Only the lines in the entries below from the line with "Noćna lampa GALAXY" to the line with "Polygel Nail Set, opove", both included, belong in the answer, transcribed exactly and without pictures.
Start of Data to process
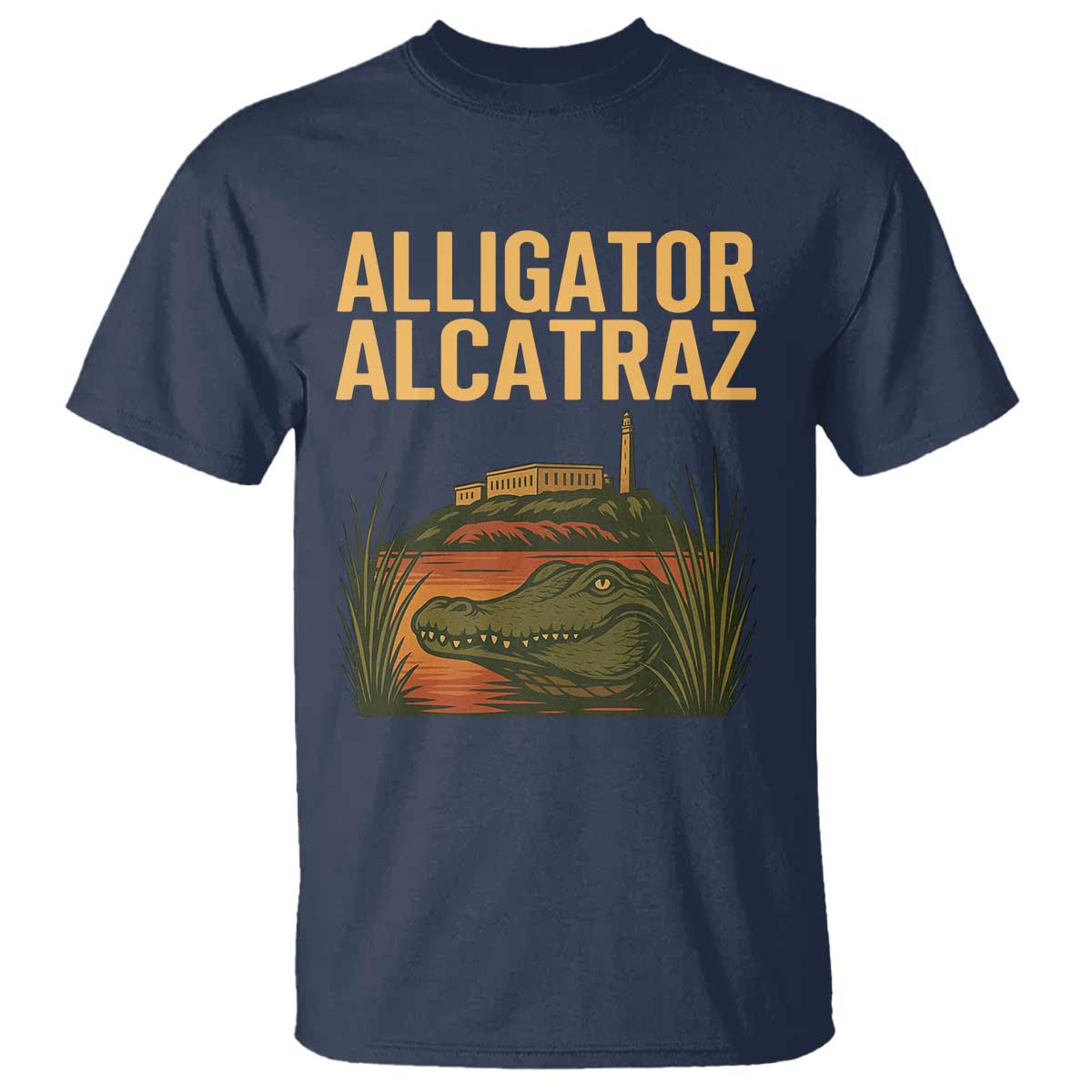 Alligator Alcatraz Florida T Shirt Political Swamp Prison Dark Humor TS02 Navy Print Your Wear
End of Data to process
Start of Data to process
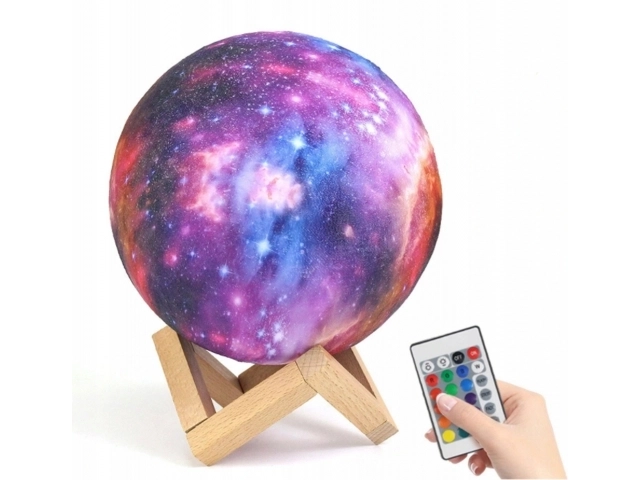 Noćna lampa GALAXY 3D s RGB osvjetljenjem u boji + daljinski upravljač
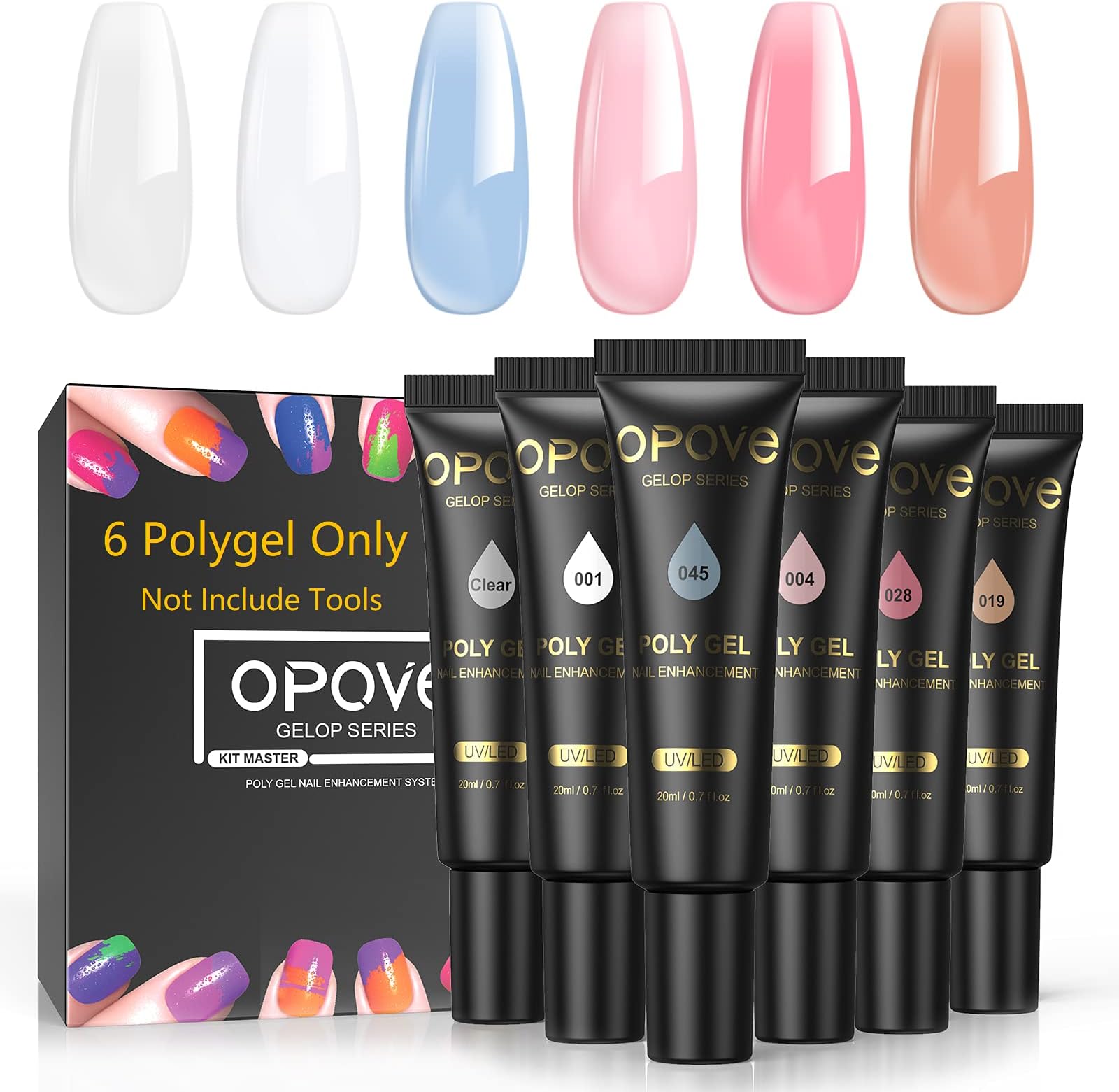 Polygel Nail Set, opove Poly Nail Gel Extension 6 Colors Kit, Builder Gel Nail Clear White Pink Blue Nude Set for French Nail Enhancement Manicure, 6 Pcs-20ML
End of Data to process
[Answer below]:
 Noćna lampa GALAXY 3D s RGB osvjetljenjem u boji + daljinski upravljač
 Polygel Nail Set, opove Poly Nail Gel Extension 6 Colors Kit, Builder Gel Nail Clear White Pink Blue Nude Set for French Nail Enhancement Manicure, 6 Pcs-20ML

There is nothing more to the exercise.